- Developers: Matt Krueger Josh Lichti
- Initial release: 2012; 14 years ago
- Size: 112.6 MB
- Available in: 9 languages
- List of languages Czech, Dutch, English, Estonian, Finnish, French, German, Norwegian Bokmål, Swedish
- License: Proprietary software
- Website: Official website

= UDisc =

Mobile disc golf app and website

UDisc (/judɪsk/) is a disc golf app for scorekeeping, statistics, and discovery for smartphones and tablet computers running the Android or iOS operating system. The app is also compatible with Android's Wear OS and Apple Watch.

It gives access to an extensive community-driven course directory with user-submitted course condition updates, hole-by-hole navigation information about course layouts, and a chronological list of local PDGA-sanctioned events. Users can track the rounds they played, measure throws, track various performance metrics, and compete in worldwide leaderboards.
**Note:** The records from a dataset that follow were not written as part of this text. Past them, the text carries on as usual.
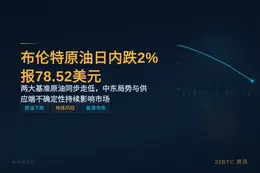 布伦特原油日内跌2%报78.52美元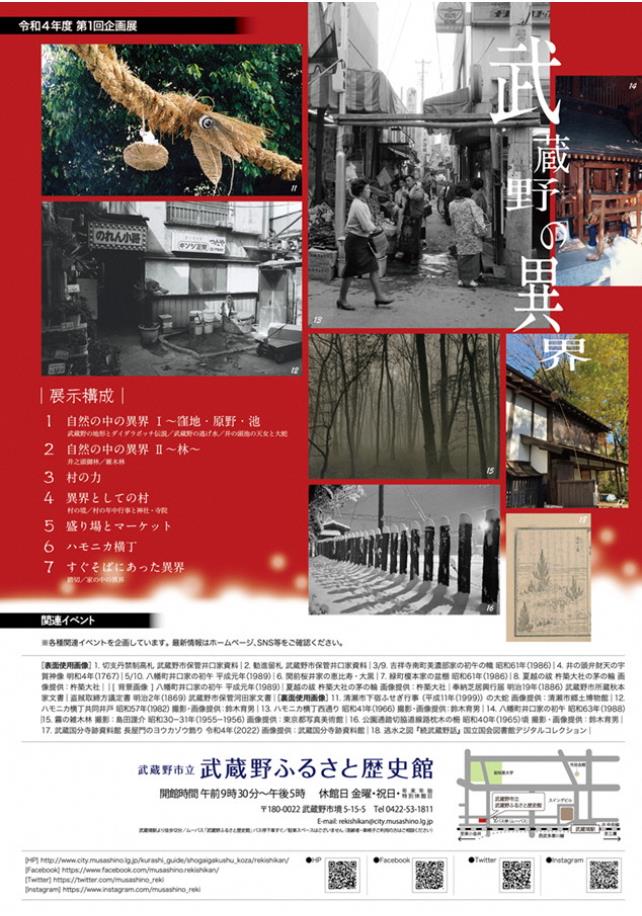 企画展「武蔵野の異界」武蔵野市立武蔵野ふるさと歴史館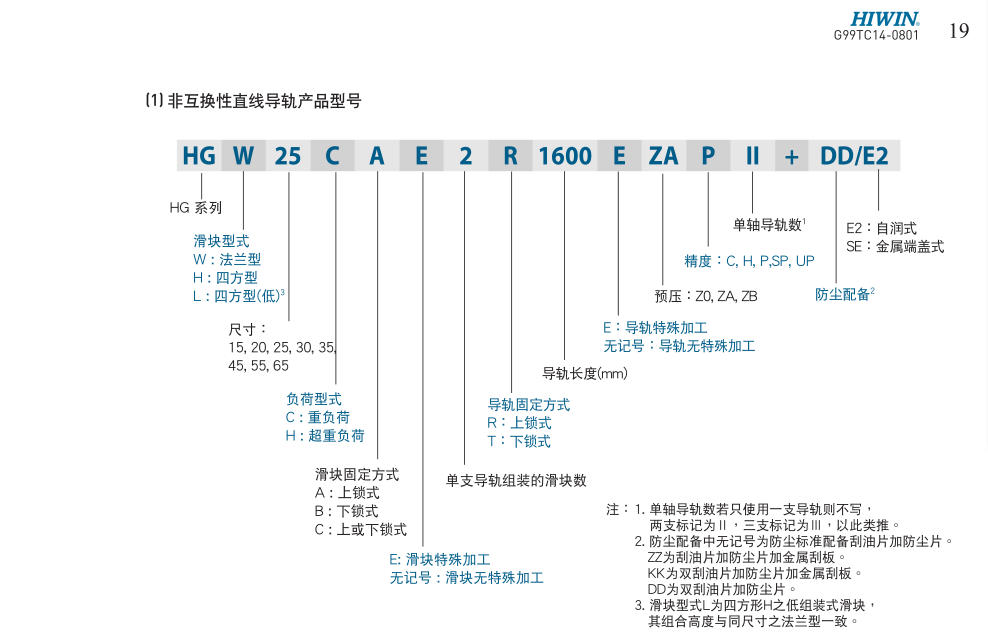 HIWIN上银直线导轨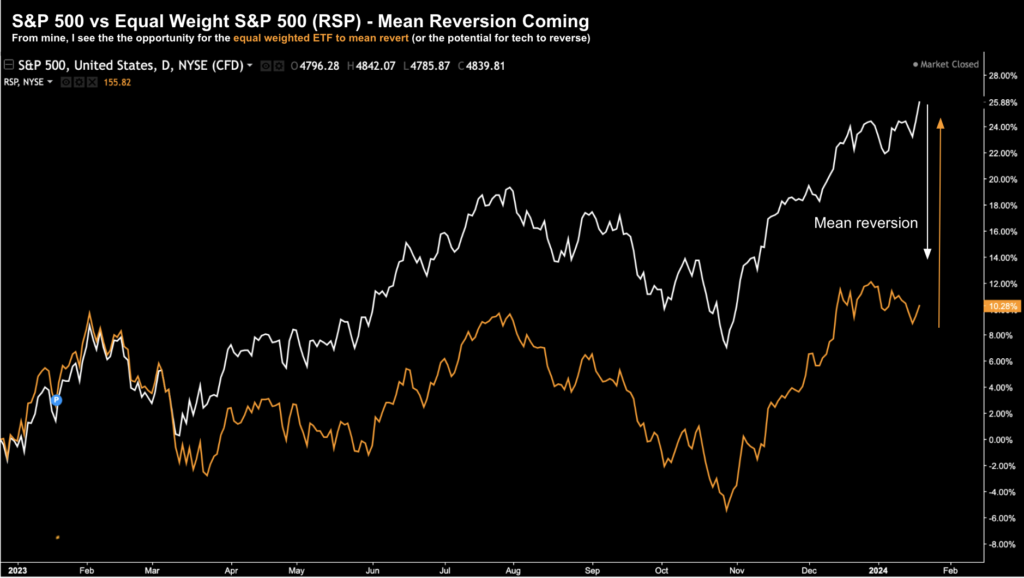 Equal Weight vs S&P 500 Chart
The app can be downloaded and used for free, but an optional in-app paid subscription to UDisc Pro unlocks more features.

== History ==
The app was developed by Matthew Krueger and Josh Lichti, and initially released in 2012. In 2018, the PDGA partnered with UDisc and announced that "members who are current in 2019 will receive a free UDisc Pro subscription that includes unlimited scoring, statistics, and automatic scorecard syncing with friends." Starting 2022, UDisc Pro will not be included with PDGA memberships.
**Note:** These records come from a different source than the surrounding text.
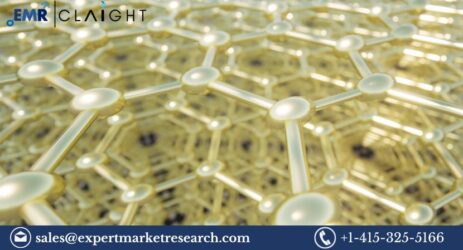 Graphene Solar Cell Market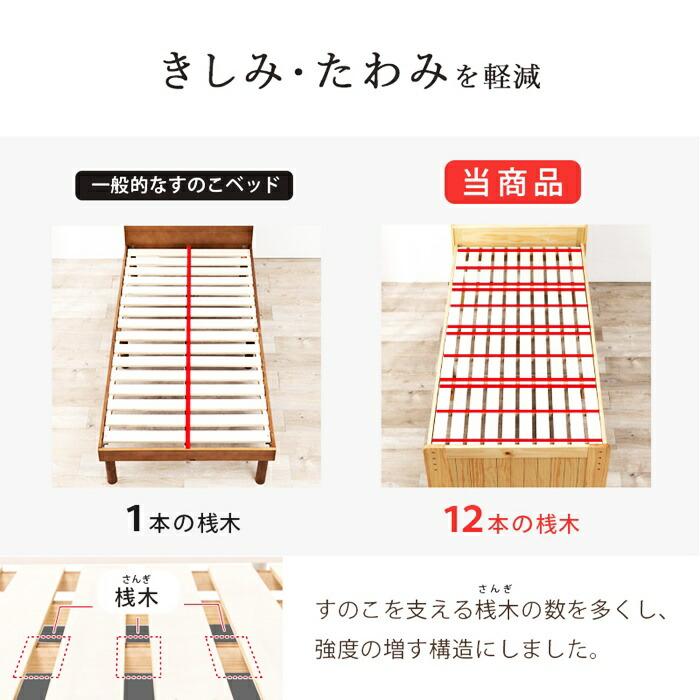 シングルベッド マットレス付き ボンネルコイルマットレス コンセント付き 高さ調節 高さ調整 ナチュラル ブラウン ホワイト すのこベッド 木製 棚付き 宮棚付き | ブランド登録なし | 07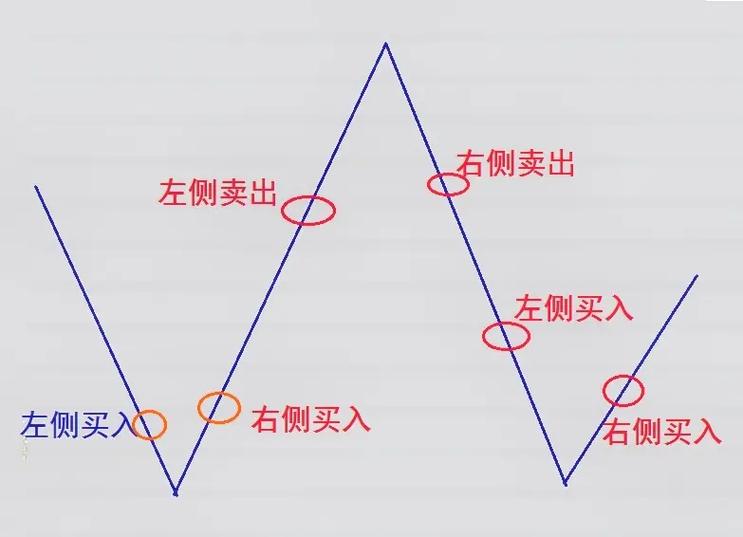 支付宝的好处与坏处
In late 2017, UDisc implemented an integration with Dynamic Discs Winter Marksman leagues worldwide. In June 2020, UDisc released an online version of their course directory.

== UDisc Live ==
UDisc Live is the official scoring app for real-time statistics at various tournaments, including all PDGA National Tour and Disc Golf Pro Tour (DGPT) events from 2016 until 2024, when the DGPT announced they would move to the PDGA's proprietary Live Scoring platform. Data collected using the app played an important role in the development of the sport's key statistics for comparing players.

== Release Point ==
Since June 2018, UDisc's Release Point blog has published independent disc golf research and commentary based on data gathered from UDisc app users.